Clinical Trial Details
— Status: Recruiting
Administrative data
NCT number |
NCT05598489 |
Other study ID # |
IBDFMB |
Secondary ID |
|
Status |
Recruiting |
Phase |
|
First received |
|
Last updated |
|
Start date |
December 7, 2022 |
Est. completion date |
July 31, 2024 |
Study information
Verified date |
May 2023 |
Source |
Chinese University of Hong Kong |
Contact |
Siew Chien Ng, PhD |
Phone |
852-35053996 |
Email |
siewchienng[@]cuhk.edu.hk |
Is FDA regulated |
No |
Health authority |
|
Study type |
Observational
|
Clinical Trial Summary
Inflammatory bowel disease (IBD), including Crohn's disease (CD) and Ulcerative colitis (UC),
is a chronic idiopathic inflammatory condition of the intestine. Endoscopy has been used to
monitor the disease, but it is time-consuming, costly, invasive, and associated with certain
risks of morbidity. Many patients are reluctant to undergo repeated endoscopic examinations,
particularly when their disease is quiescent. Acute phase reactants have been used to monitor
disease including C-reactive protein and stool leucocyte markers including fecal
calprotectin, but their sensitivity and specificity in correlating to intestinal inflammation
activity are low. Clinical challenge of patient heterogeneity in disease phenotype and
response to therapy has compounded discovery of disease-related biomarkers. In IBD, altered
fecal microbiota signatures have been consistently reported which included a reduction in
biodiversity with lower proportions of Firmicutes and increases in Proteobacteria and
Bacteroidetes phylum members. Moreover, overall bacterial diversity is consistently decreased
in IBD patients compared to controls. Even though a number of fecal biomarkers have been
evaluated for their utility for disease diagnosis in IBD, to date none has been accurate
enough for clinical application. Therefore, identification and validation of a non-invasive
biomarker which can be easily applied in disease diagnosis and prognosis is warranted to
provide an earlier opportunity to intervene. In this study, it aims to develop a
metagenomics-based model using fecal microbial biomarkers for differentiating IBD patients
from healthy controls, and then validate these fecal microbial biomarkers in different
populations.
Description:
Inflammatory bowel disease (IBD), including Crohn's disease (CD) and Ulcerative colitis (UC),
is a chronic idiopathic inflammatory condition of the intestine, which results in diarrhea,
rectal bleeding, urgency, weight loss and abdominal pain. The natural course of IBD is
characterized by activity outbreaks and periods of remission.

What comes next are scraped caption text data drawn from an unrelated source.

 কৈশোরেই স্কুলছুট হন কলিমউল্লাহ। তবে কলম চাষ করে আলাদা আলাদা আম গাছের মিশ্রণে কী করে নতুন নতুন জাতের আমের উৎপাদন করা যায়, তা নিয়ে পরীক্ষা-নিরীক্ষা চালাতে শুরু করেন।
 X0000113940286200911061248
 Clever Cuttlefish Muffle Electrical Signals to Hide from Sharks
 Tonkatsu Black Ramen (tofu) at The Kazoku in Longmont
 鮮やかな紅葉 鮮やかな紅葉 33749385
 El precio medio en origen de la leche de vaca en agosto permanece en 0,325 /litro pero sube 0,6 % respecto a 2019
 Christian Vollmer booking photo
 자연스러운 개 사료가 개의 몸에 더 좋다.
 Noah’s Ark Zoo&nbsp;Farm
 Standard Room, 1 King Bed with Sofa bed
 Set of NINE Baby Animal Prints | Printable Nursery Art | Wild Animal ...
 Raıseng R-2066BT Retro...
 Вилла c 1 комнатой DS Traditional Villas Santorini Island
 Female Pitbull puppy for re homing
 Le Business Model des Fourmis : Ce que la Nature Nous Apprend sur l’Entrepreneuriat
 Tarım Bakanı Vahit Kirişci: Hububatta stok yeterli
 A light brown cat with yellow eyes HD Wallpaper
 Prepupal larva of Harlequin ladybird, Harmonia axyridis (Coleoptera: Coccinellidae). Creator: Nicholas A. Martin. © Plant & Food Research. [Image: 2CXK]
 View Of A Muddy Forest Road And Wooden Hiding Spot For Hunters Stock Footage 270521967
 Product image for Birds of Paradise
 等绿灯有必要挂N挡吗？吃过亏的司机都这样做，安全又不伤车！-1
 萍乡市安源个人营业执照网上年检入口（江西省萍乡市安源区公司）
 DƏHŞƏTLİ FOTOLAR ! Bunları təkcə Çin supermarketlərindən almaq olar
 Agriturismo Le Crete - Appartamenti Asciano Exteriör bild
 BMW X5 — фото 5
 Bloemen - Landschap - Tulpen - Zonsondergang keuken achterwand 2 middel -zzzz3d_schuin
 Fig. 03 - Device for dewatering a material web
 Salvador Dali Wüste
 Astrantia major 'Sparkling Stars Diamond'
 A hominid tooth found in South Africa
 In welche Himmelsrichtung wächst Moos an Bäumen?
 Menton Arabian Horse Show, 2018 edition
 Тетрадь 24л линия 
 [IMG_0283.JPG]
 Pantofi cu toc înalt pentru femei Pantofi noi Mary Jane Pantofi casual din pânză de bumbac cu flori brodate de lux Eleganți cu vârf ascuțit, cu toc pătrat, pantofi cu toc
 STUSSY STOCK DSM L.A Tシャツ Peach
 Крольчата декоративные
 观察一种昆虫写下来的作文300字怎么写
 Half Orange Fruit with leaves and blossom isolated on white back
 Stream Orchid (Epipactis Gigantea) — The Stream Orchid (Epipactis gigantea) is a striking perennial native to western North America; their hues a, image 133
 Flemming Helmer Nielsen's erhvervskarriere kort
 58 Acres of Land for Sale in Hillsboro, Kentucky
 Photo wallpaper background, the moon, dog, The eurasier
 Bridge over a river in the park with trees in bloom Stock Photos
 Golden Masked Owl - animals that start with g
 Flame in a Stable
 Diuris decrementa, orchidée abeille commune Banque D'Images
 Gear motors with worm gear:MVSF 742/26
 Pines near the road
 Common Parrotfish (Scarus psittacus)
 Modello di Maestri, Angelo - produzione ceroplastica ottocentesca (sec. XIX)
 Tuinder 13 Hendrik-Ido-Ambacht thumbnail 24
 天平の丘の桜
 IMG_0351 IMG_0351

Endoscopy has been used to monitor the disease, but it is time-consuming, costly, invasive,
and associated with certain risks of morbidity. Many patients are reluctant to undergo
repeated endoscopic examinations, particularly when their disease is quiescent. Acute phase
reactants have been used to monitor disease including C-reactive protein and stool leucocyte
markers including fecal calprotectin, but their sensitivity and specificity in correlating to
intestinal inflammation activity are low. Clinical challenge of patient heterogeneity in
disease phenotype and response to therapy has compounded discovery of disease-related
biomarkers. In IBD, altered fecal microbiota signatures have been consistently reported which
included a reduction in biodiversity with lower proportions of Firmicutes and increases in
Proteobacteria and Bacteroidetes phylum members. Moreover, overall bacterial diversity is
consistently decreased in IBD patients compared to controls. Even though a number of fecal
biomarkers have been evaluated for their utility for disease diagnosis in IBD, to date none
has been accurate enough for clinical application. Therefore, identification and validation
of a non-invasive biomarker which can be easily applied in disease diagnosis and prognosis is
warranted to provide an earlier opportunity to intervene.
In this study, it aims to develop a metagenomics-based model using fecal microbial biomarkers
for differentiating IBD patients from healthy controls, and then validate these fecal
microbial biomarkers in different populations.
This is a cross-sectional multi-centre study. Two groups of subjects, IBD patients (cases)
and healthy subjects (controls), will be recruited from each centre. Each center will provide
fecal samples from 80-100 Crohn's disease, 80-100 ulcerative colitis, and 80-100 controls. We
will collect clinical data and stool sample from each subject. Fecal microbiota composition
will be compared between cases and controls. The abundance of bacterial biomarkers will be
assessed, and the efficacy of a diagnostic model will be validated.